Databricks SQL Year in Review (Part I): AI-optimized Performance and Serverless Compute

Reinventing Data Warehousing using AI

Published: January 18, 2024

by Jeremy Lewallen, Gaurav Saraf, Mostafa Mokhtar, Kevin Clugage and Joe Harris

This is part 1 of a blog series where we look back at the major areas of progress for Databricks SQL in 2023, and in our first post we are focusing on performance. Performance for a data warehouse is important because it makes for a more responsive user experience and better price/performance, especially in the modern SaaS world where compute time drives cost. We have been working hard to deliver the next set of performance advancements for Databricks SQL while reducing the need for manual tuning through the use of AI.

AI-optimized Performance

Modern data warehouses are filled with workload-specific configurations that need to be manually tuned by a knowledgeable administrator on a continuous basis as new data, more users or new use cases come in. These "knobs" range from how data is physically stored to how compute is utilized and scaled. Over the past year, we have been applying AI to remove these performance and administrative knobs in alignment with Databricks' vision for a Data Intelligence Platform:

Serverless Compute is the foundation for Databricks SQL, providing the best performance with instant and elastic compute that lowers costs and enables you to focus on delivering the most value to your business rather than managing infrastructure.
Predictive I/O eliminates performance tuning like indexing by intelligently prefetching data using neural networks. It also achieves faster writes using merge-on-read techniques without performance tradeoffs. Early customers have benefited from a remarkable 35x improvement in point lookup efficiency, impressive performance boosts of 2-6x for MERGE operations and 2-10x for DELETE operations.
Automatic data layout intelligently optimizes file sizes to provide the best performance automatically based on query patterns. This self-manages cost and performance.
Results caching improves query result caching by using a two-tier system with a local cache and a persistent remote cache across all serverless warehouses in a workspace. These caching mechanisms are automatically managed based on the query requirements and available resources.
Predictive Optimization (public preview, blog) Databricks will seamlessly optimize file sizes and clustering by running OPTIMIZE, VACUUM, ANALYZE and CLUSTERING commands for you. With this feature, Anker Innovations benefited from a 2.2x boost to query performance while delivering 50% savings on storage costs.
Liquid Clustering (public preview, blog): automatically and intelligently adjusts the data layout as new data comes in based on clustering keys. This avoids over- or under-partitioning problems that can occur and results in up to 2.5x faster clustering relative to Z-order.
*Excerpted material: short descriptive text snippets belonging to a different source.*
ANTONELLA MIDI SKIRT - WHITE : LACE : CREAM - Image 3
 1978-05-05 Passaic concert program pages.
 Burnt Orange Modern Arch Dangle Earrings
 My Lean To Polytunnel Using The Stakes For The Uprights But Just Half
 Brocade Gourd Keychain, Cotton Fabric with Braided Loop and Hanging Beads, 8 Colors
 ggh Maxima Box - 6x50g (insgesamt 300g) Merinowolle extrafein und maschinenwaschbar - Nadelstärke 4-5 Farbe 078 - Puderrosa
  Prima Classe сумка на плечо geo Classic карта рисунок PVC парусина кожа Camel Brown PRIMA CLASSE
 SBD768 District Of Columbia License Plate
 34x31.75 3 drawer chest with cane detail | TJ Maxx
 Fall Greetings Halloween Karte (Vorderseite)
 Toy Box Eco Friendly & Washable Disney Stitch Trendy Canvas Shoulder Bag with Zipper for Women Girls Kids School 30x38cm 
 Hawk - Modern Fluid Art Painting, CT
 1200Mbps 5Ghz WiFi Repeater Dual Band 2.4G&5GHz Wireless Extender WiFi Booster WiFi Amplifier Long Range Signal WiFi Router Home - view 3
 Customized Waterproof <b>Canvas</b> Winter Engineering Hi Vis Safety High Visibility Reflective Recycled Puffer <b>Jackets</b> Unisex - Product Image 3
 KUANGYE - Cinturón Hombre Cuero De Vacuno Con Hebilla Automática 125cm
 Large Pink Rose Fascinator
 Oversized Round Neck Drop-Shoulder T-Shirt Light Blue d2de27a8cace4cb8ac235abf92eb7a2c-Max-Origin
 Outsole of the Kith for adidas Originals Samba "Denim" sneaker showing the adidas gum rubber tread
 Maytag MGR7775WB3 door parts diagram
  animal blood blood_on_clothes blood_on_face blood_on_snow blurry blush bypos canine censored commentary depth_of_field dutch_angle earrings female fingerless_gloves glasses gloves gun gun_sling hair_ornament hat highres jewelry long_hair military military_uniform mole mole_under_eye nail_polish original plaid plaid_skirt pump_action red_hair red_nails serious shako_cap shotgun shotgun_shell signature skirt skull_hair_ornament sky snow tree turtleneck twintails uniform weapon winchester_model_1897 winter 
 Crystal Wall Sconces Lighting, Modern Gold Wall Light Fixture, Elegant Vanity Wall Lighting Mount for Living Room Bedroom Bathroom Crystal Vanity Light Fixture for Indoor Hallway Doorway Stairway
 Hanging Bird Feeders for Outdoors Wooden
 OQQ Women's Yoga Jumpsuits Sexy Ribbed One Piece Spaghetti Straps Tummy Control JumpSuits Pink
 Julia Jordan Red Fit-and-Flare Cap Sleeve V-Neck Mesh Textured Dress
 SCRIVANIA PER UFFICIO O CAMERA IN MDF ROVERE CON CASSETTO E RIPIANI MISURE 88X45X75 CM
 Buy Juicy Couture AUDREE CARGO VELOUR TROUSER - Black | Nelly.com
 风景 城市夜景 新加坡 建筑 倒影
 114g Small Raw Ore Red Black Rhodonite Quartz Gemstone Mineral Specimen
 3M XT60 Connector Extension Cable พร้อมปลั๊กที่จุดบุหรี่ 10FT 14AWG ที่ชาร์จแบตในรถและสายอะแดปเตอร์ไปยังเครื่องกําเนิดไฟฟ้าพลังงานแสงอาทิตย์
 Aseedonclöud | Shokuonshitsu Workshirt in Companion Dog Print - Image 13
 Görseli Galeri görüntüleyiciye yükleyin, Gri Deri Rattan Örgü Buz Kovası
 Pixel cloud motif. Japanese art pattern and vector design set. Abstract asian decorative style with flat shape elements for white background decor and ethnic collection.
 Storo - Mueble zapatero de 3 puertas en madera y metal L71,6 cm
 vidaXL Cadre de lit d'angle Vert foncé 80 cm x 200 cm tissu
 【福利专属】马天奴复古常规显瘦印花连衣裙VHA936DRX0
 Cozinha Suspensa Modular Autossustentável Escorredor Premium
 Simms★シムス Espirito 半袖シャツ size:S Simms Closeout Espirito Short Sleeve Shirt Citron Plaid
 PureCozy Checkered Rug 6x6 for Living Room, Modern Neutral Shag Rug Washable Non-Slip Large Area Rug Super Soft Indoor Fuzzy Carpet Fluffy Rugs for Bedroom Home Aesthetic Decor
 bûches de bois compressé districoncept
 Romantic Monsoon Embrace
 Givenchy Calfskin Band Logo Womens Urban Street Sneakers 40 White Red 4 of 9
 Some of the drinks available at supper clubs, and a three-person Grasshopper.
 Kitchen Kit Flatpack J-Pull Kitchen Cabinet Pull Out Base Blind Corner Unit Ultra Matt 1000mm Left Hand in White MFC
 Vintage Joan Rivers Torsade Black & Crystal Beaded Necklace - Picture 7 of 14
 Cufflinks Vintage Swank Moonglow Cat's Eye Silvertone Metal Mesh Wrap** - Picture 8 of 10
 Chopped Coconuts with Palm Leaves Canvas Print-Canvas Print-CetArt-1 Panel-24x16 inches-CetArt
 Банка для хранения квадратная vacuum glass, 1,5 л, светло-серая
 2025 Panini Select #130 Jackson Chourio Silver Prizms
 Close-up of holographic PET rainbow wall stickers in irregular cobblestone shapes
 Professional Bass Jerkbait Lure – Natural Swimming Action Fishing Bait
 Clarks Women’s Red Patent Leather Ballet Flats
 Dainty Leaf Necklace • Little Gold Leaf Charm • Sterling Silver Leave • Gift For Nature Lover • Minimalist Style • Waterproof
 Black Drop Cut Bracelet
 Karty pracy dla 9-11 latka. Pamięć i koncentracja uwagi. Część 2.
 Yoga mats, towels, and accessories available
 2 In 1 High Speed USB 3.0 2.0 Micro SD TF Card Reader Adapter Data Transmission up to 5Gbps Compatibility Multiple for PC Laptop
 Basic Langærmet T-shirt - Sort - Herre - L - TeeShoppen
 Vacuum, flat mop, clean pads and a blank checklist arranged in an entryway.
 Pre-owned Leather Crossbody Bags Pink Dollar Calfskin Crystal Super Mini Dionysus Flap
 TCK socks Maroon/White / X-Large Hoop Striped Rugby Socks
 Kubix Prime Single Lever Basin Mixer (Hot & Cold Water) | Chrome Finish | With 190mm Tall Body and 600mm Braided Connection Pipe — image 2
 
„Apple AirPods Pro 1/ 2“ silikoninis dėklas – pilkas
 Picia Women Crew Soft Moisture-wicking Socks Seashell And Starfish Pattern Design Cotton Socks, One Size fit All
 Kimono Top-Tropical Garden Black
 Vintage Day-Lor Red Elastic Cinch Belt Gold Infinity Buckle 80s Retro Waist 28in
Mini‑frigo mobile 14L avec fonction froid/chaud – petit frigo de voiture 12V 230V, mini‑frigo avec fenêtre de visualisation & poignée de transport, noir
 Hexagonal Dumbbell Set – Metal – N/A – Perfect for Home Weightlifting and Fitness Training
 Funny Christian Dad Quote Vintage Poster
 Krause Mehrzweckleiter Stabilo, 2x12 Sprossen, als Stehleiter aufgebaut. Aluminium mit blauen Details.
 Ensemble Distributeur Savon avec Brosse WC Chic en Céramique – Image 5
These innovations have enabled us to make significant advances in performance without increasing complexity for the user or costs.

Continued Class-leading Performance and Cost Efficiency for ETL Workloads

Databricks SQL has long been a frontrunner in terms of performance and cost efficiency for ETL workloads. Our investment in AI-powered features, such as Predictive IO, helps sustain that leadership position and enhance cost advantages as data volumes continue to grow. This is evident in our processing of ETL workloads where Databricks SQL has up to a 9x cost advantage vs. leading industry competition (see benchmark below).

Delivering Low-Latency Performance with Class-Leading Concurrency for BI

Databricks SQL now matches leading industry competition on low-latency query performance for smaller numbers of concurrent users (< 100) and has 9x better performance as the number of concurrent users grows to over one thousand (see benchmark below). Serverless compute will also start a warehouse in a few seconds right when needed, creating substantial cost savings that avoids running clusters all the time or performing manual shutdowns. When the workload demand lowers, SQL Serverless automatically downscales clusters or shuts down the warehouse to keep costs low.

The Way Forward with AI-optimized Data Warehousing

Databricks SQL has unified governance, a rich ecosystem of your favorite tools, and open formats and APIs to avoid lock-in -- all part of why the best data warehouse is a lakehouse. If you want to migrate your SQL workloads to a cost-optimized, high-performance, serverless and seamlessly unified modern architecture, Databricks SQL is the solution. Talk to your Databricks representative to get started on a proof-of-concept today and experience the benefits firsthand. Our team is ready to help you evaluate if Databricks SQL is the right choice to help you innovate faster with your data.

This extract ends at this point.